Volume of Na2S2O3 and HCl
When changing the concentrations the volume will all so change. I will fill the rest of the volume with water to keep a constant overall volume to avoid a presence of another variable.
Variables for method 1
Dependent variable – will be the time taken in seconds for the cross, under the conical flask, to disappear completely.
Independent Variable – the independent variable for this method will be the concentration of the Na2S2O3 . I will vary the concentration by diluting it with water. I will have five different concentrations. This means they will have different volumes, in this case water will be added to fill the rest of the volume to insure the overall volume remains the same for all five concentrations.

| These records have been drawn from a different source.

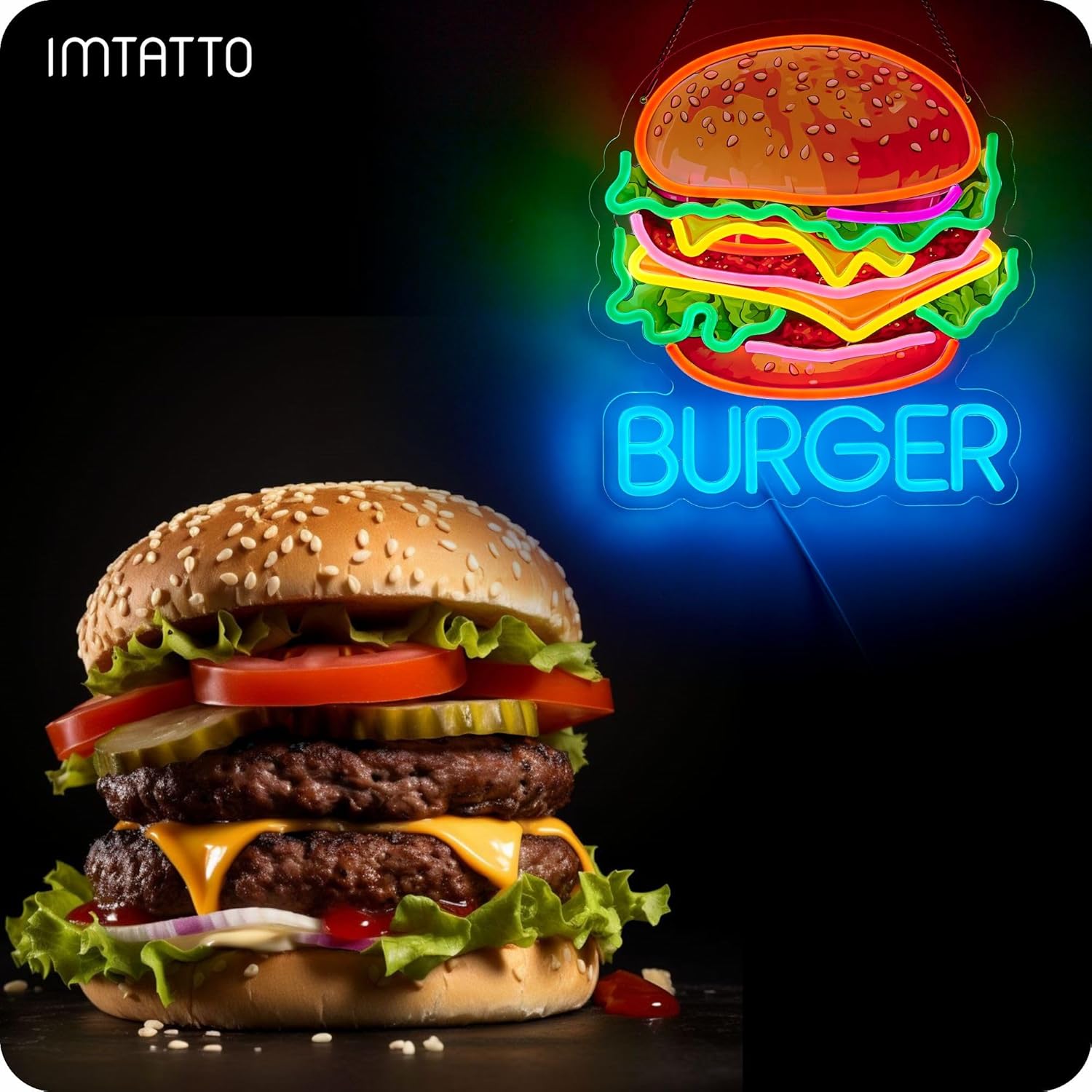 Lampu Neon Burger untuk Bisnis - Photography Lighting For Food ulasan dan harga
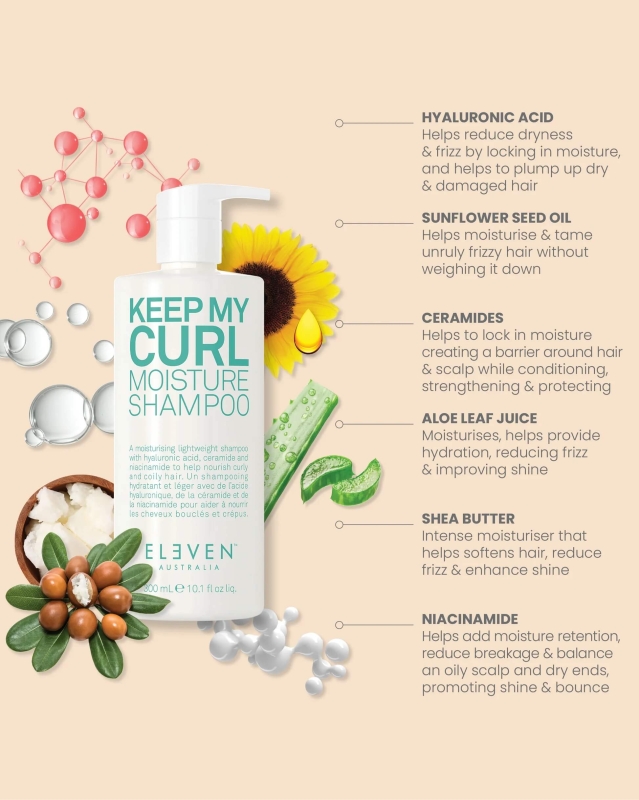 Eleven australia keep my curl Nawilżający szampon do włosów kręconych 300ml.jpg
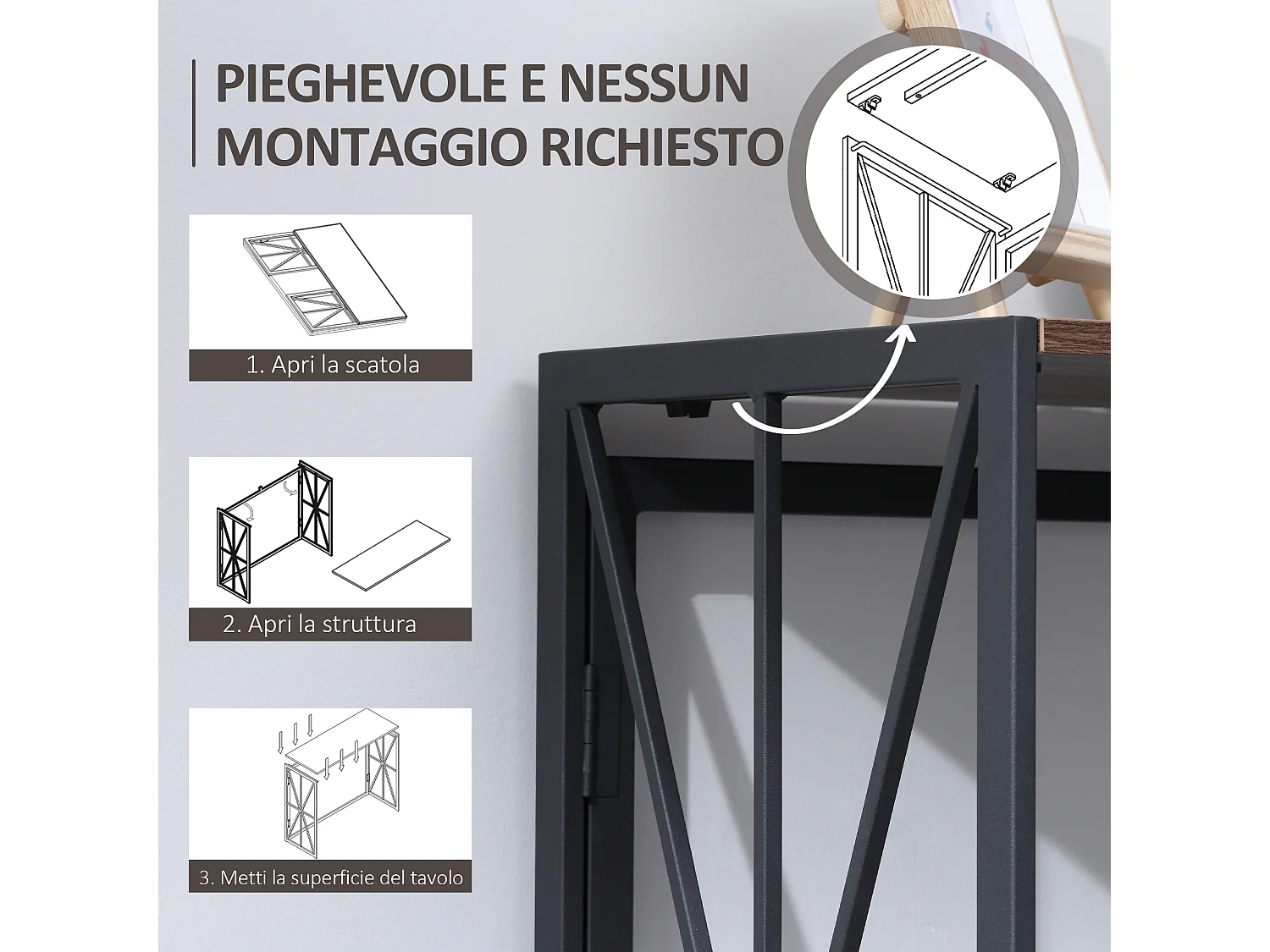 Tavolo consolle da ingresso in stile industriale pieghevole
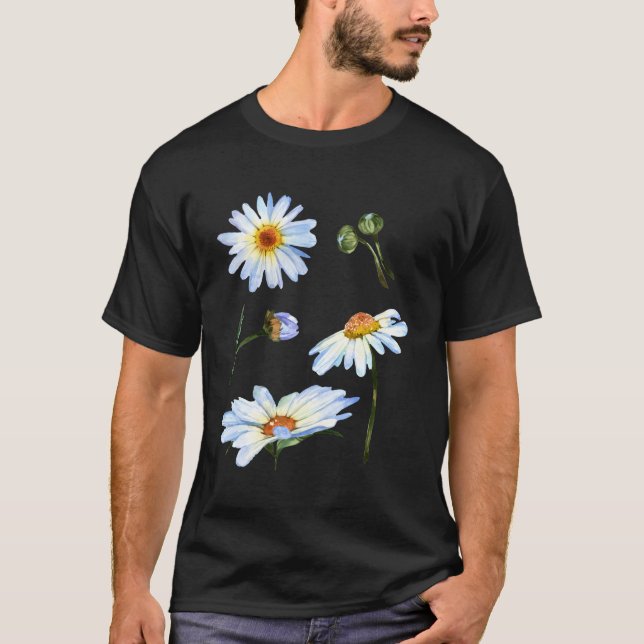 Daisy blomstermotif för botanisk skiss Blommigt T Shirt (Framsida)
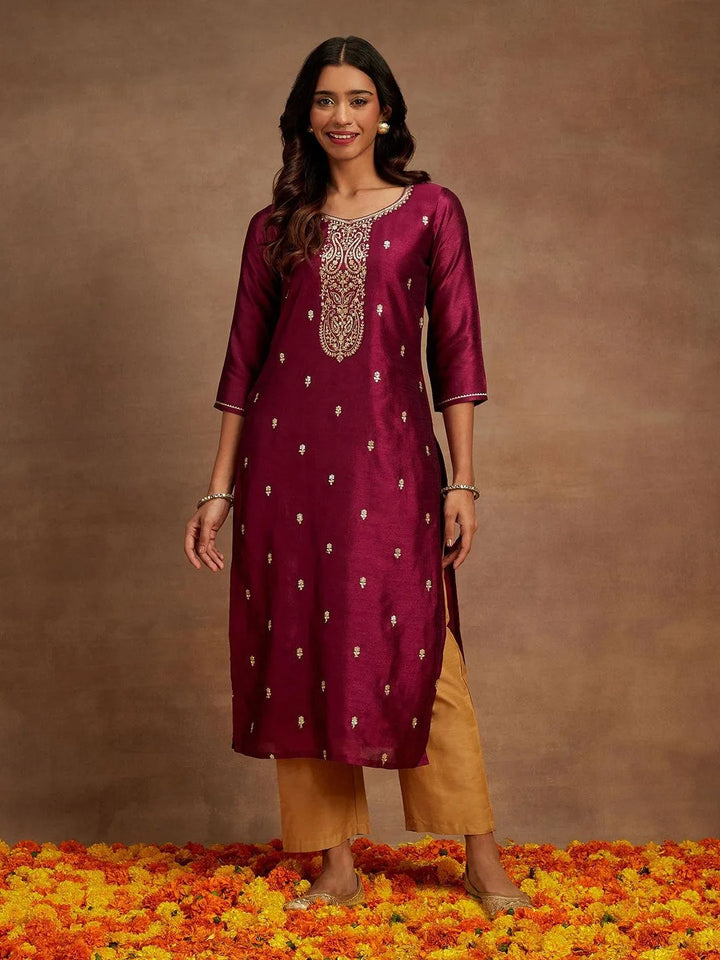 Purple Embroidered Silk Straight Kurta - Libas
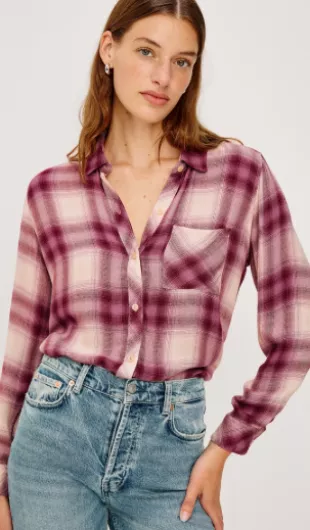 Hunter Shrit in Faded Plum ivory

Control variable-- I will keep the concentration of the hydrochloric acid the same throughout this method. The reason for this is in order to find the order of reaction with respect to Na2S2O3 I will need to keep the other reactant in this case it is HCl. I will also try to do the experiment under room temperature. I will also use the reactants from the same container to avoid any change in concentrations.
Variables for method 2
Dependent variable – will be the time taken in seconds for the cross, under the conical flask, to disappear completely.
Independent Variable – the independent variable in this method will be the concentration of the HCl. I will carry out the same procedure as in method 1 but instead of changing the concentration of Na2S2O3 in here I will change the concentration of HCl.
Control variable-- I will keep the concentration of the sodium thiosulphate the same throughout this method. The reason for this is in order to find the order of reaction with respect to HCl I will need to keep the other reactant in this case it is Na2S2O3. I will also try to do the experiment under room temperature. I will also use the reactants from the same container to avoid any change in concentrations.
Determining the end of the reaction
To determine the end of the reaction I will be using a cross on a tile. I will place the conical flask where the reaction is going to be taking place on the tile and when the cross disappears I will stop the clock watch. It is important that the decision is made by the same person and the timing is also done by the same person, Each individual’s reflexes will affect how fast they react to stop the stopwatch. And also the eyesight of the person will determine when the cross has disappeared. So therefore the same person will start the stopwatch and stop it. I will also use the same tile with the same size cross on it. Because if the crosses were in deferent sizes this could affect when to determine the end of the reaction.
Justification for the volumes and concentrations used.
In my experiment I will use different volumes to what the teacher used in the demonstration. The reason for this is in the demonstration the reaction took place in a short time. The teacher was using 50cm3 of Na2S2O3, 20cm3 of water and 5cm3 of HCl. And the reaction took 18.20seconds. This means the error would be greater as the time is short because of the reaction time of the person timing it. In my experiment I will start with 25cm3 (Na2S2O3/HCl) and decreasing that by 5cm3 for every reaction. This will make the reaction go slower then in the demonstration. And makes it easier to time and obtain more accurate results. I will also be decreasing the concentrations of the chemicals used this will in turn increase the time taken for the reaction leading to a decrease in the timing error.
Safety:
- Throughout the experiment safety goggles should be worn to avoid any contact with eyes.
- If Sodium thiosulphate comes in contact with eyes immediately flush the eye with gently running tap water for approximately 5minutes.
- If swallowed drink plenty of water, Seek medical attention if a significant quantity is swallowed.
- If the acid comes into contact with the eyes or skin, it can cause serious permanent damage. So therefore eye goggles should be worn at all times and cloves should be worn if desired. If come In contact with skin wash with water for a period of time.
- Avoid inhaling the acid. Therefore the experiment should take place in a well ventilated lab. If inhaled and starts to irritate leave the lab for fresh air.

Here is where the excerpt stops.